Item #21172 [K. 621]. La Clemenza di Tito [Piano-vocal score]. Wolfgang Amadeus MOZART.

[K. 621]. La Clemenza di Tito [Piano-vocal score]

Opera seria ... Ernsthafte Oper in Zwey Akten ... Klavierauszug von A.E. Müller.

Leipzig: Breitkopf & Härtel [PN 3610], [1823-1824].

Oblong folio. Contemporary paper boards. 1f. (title), 88 pp. Lithographed.

With label of the late 19th century lending library of Fritz Möller of Hamburg, Germany to upper board and advertising to front pastedown.

Binding worn and rubbed; partially detached; spine chipped; joints split; endpapers lacking. Moderately foxed throughout; title browned.

Köchel 8, p. 720. Hirsch IV, 1227. RISM M5105.

La Clemenza di Tito, an opera seria in two acts to a libretto by Pietro Metastasio adapted by Caterino Mazzolà, was first performed in Prague at the National Theatre on September 6, 1791, approximately 3 months before Mozart died on December 5, 1791. He had arrived in Prague on August 28 and, despite his illness, finished work on the opera on the eve of the performance.
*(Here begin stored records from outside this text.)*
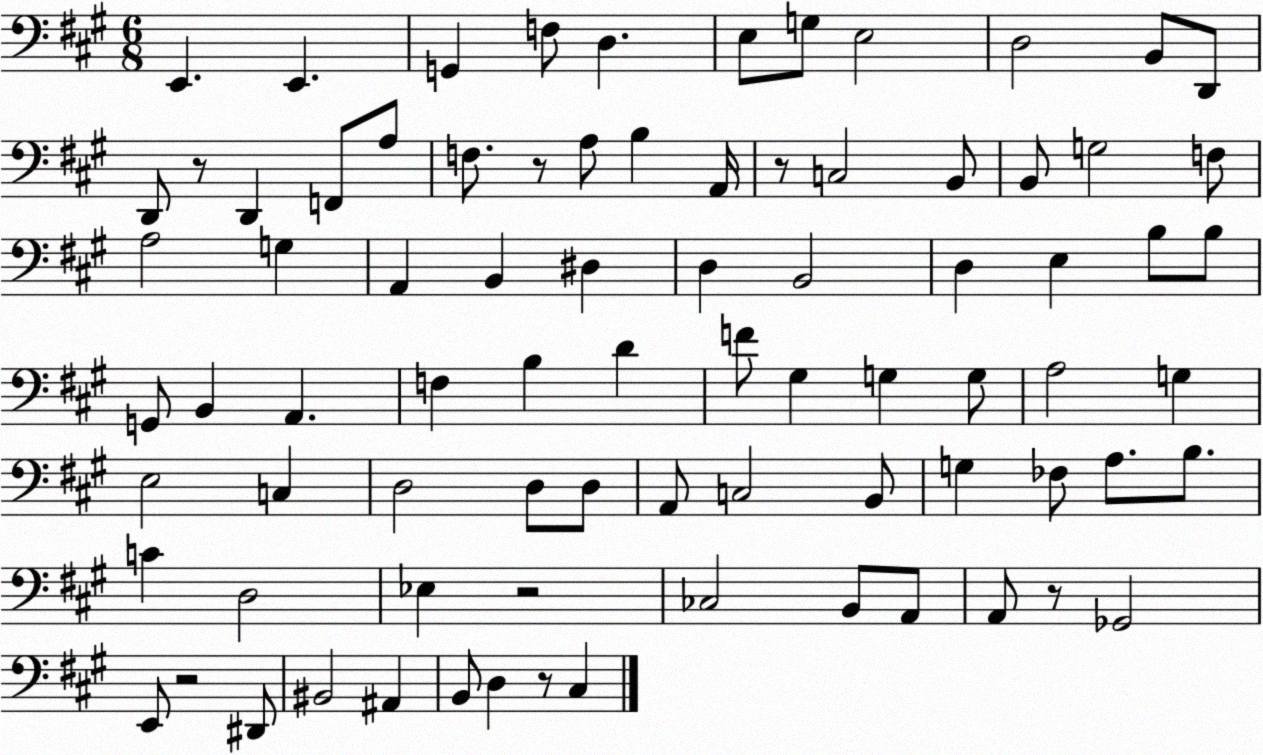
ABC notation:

X:1
T:Untitled
M:6/8
L:1/4
K:A
E,, E,, G,, F,/2 D, E,/2 G,/2 E,2 D,2 B,,/2 D,,/2 D,,/2 z/2 D,, F,,/2 A,/2 F,/2 z/2 A,/2 B, A,,/4 z/2 C,2 B,,/2 B,,/2 G,2 F,/2 A,2 G, A,, B,, ^D, D, B,,2 D, E, B,/2 B,/2 G,,/2 B,, A,, F, B, D F/2 ^G, G, G,/2 A,2 G, E,2 C, D,2 D,/2 D,/2 A,,/2 C,2 B,,/2 G, _F,/2 A,/2 B,/2 C D,2 _E, z2 _C,2 B,,/2 A,,/2 A,,/2 z/2 _G,,2 E,,/2 z2 ^D,,/2 ^B,,2 ^A,, B,,/2 D, z/2 ^C, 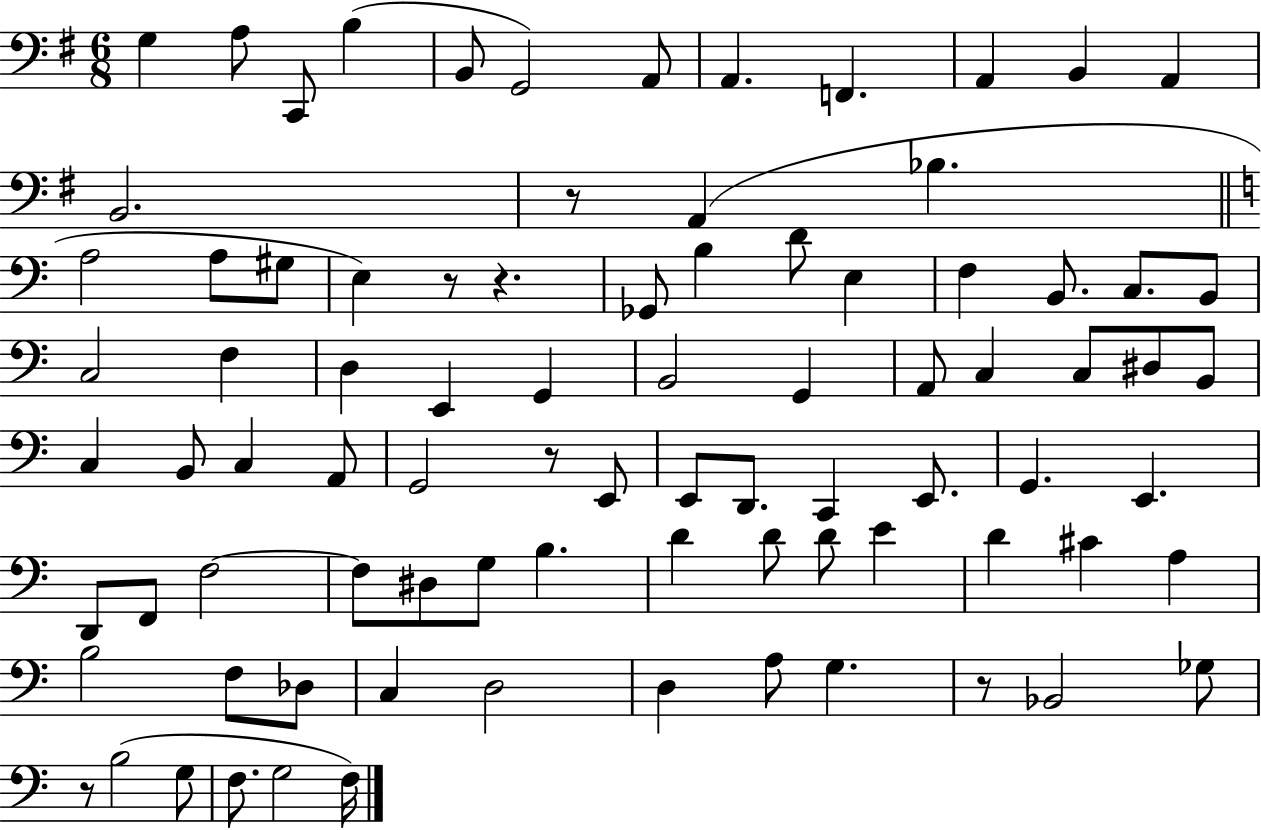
X:1
T:Untitled
M:6/8
L:1/4
K:G
G, A,/2 C,,/2 B, B,,/2 G,,2 A,,/2 A,, F,, A,, B,, A,, B,,2 z/2 A,, _B, A,2 A,/2 ^G,/2 E, z/2 z _G,,/2 B, D/2 E, F, B,,/2 C,/2 B,,/2 C,2 F, D, E,, G,, B,,2 G,, A,,/2 C, C,/2 ^D,/2 B,,/2 C, B,,/2 C, A,,/2 G,,2 z/2 E,,/2 E,,/2 D,,/2 C,, E,,/2 G,, E,, D,,/2 F,,/2 F,2 F,/2 ^D,/2 G,/2 B, D D/2 D/2 E D ^C A, B,2 F,/2 _D,/2 C, D,2 D, A,/2 G, z/2 _B,,2 _G,/2 z/2 B,2 G,/2 F,/2 G,2 F,/4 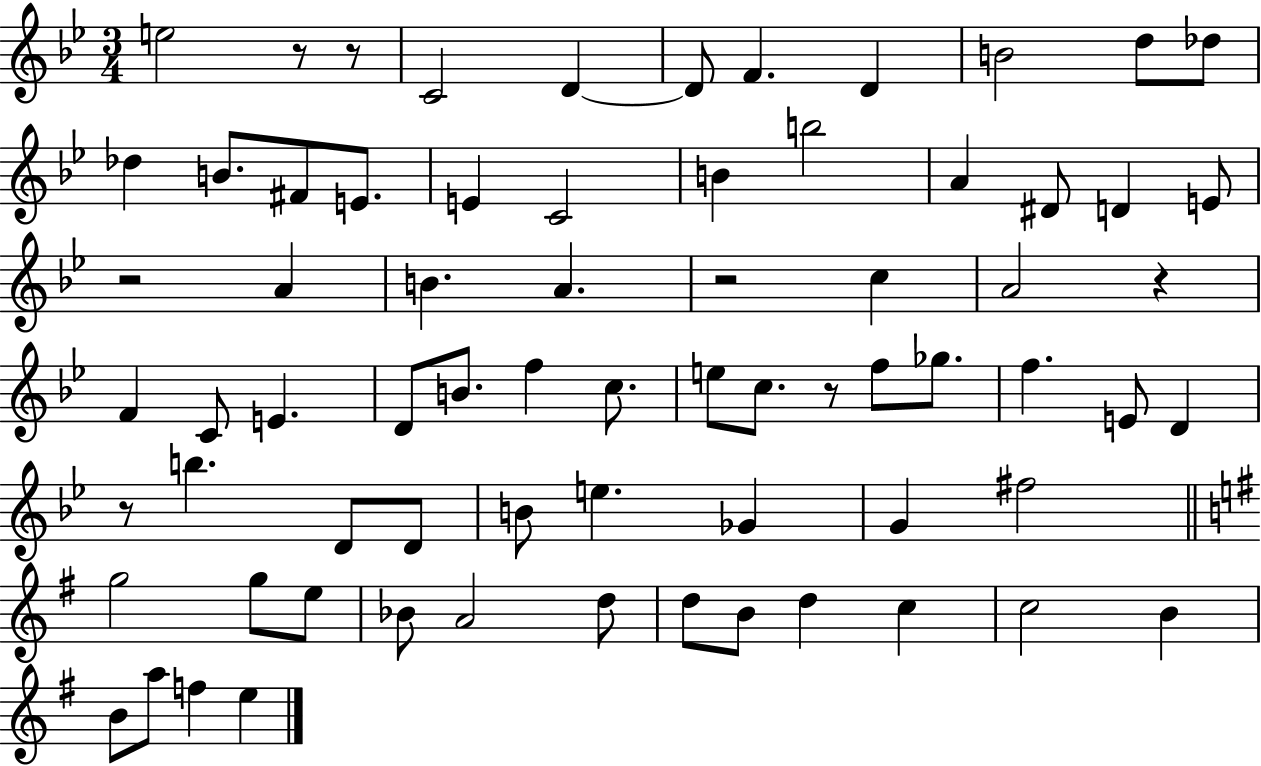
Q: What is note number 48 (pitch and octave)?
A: F#5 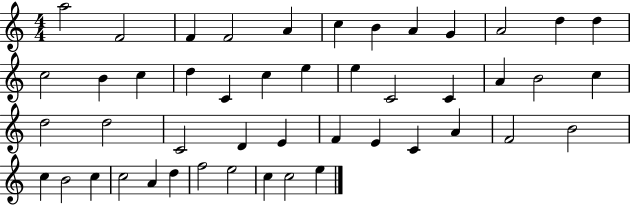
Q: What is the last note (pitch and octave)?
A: E5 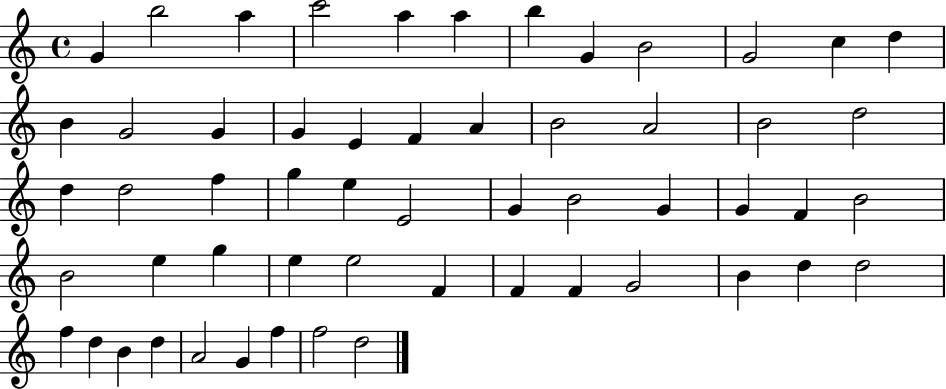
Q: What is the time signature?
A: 4/4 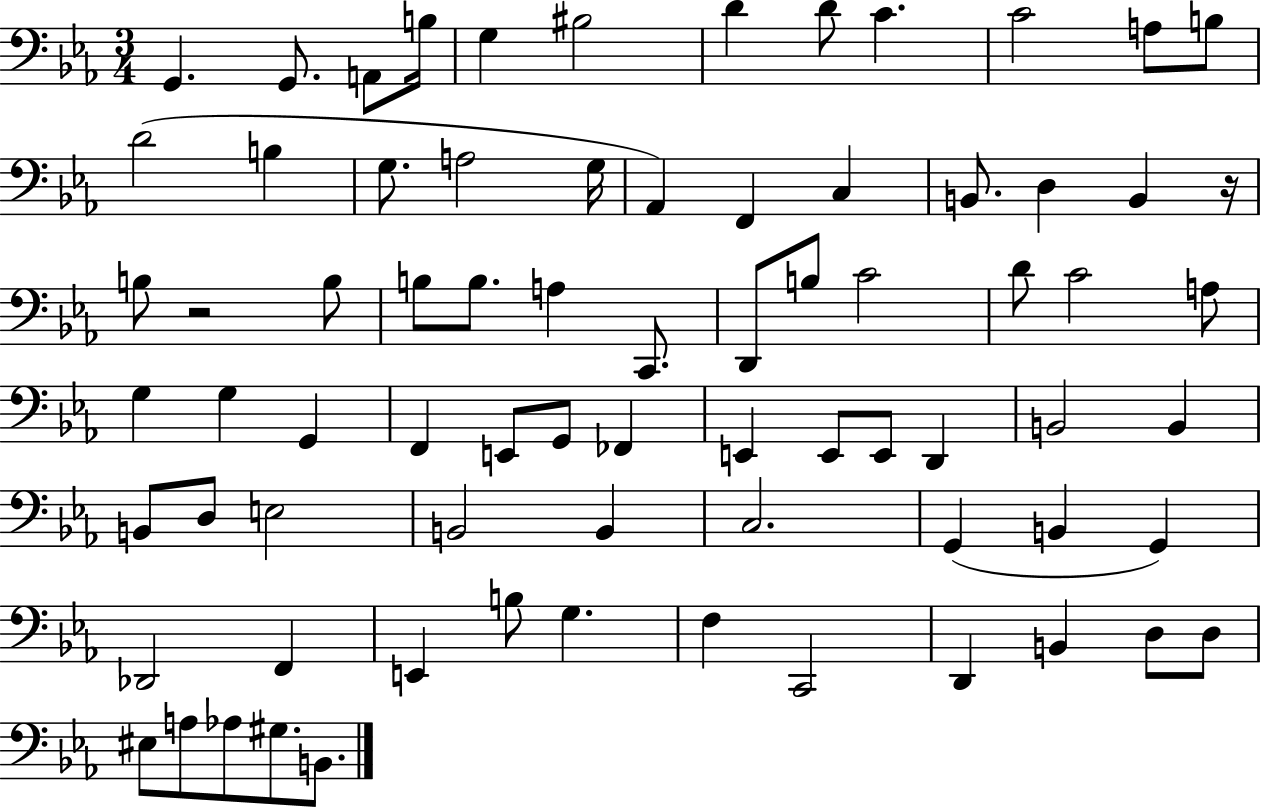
G2/q. G2/e. A2/e B3/s G3/q BIS3/h D4/q D4/e C4/q. C4/h A3/e B3/e D4/h B3/q G3/e. A3/h G3/s Ab2/q F2/q C3/q B2/e. D3/q B2/q R/s B3/e R/h B3/e B3/e B3/e. A3/q C2/e. D2/e B3/e C4/h D4/e C4/h A3/e G3/q G3/q G2/q F2/q E2/e G2/e FES2/q E2/q E2/e E2/e D2/q B2/h B2/q B2/e D3/e E3/h B2/h B2/q C3/h. G2/q B2/q G2/q Db2/h F2/q E2/q B3/e G3/q. F3/q C2/h D2/q B2/q D3/e D3/e EIS3/e A3/e Ab3/e G#3/e. B2/e.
"Although mostly composed after Die Zauberflöte, La clemenza di Tito was performed first... The reception was modest until a triumphant last night was reported to Mozart (who had left Prague on 15 September) on the day of the première of Die Zauberflöte (30 September)... Had he lived to prepare further performances, Mozart would surely have replaced Süssmayr’s simple recitatives (which do not always end in an appropriate key). He might have increased the orchestrated recitative to a quantity approaching that in Così and, as he had planned for Idomeneo, rearranged the vocal forces, with a tenor Sextus. Now that performances and recordings, and a general revival of 18th-century repertory, encourage reassessment of its virtues, La clemenza di Tito clearly appears a conception not fully realized, but still masterly and amply rewarding study and performance... Until about 1830 La clemenza di Tito was one of Mozart's most popular operas; it then went into eclipse. It has never fully entered the modern repertory and is often described as unworthy of Mozart, hastily assembled for a commission he could not refuse. Critical estimates have risen since World War II, and it is now seen as a positive step towards further reform of opera seria." Julian Rushton in Grove Music Online.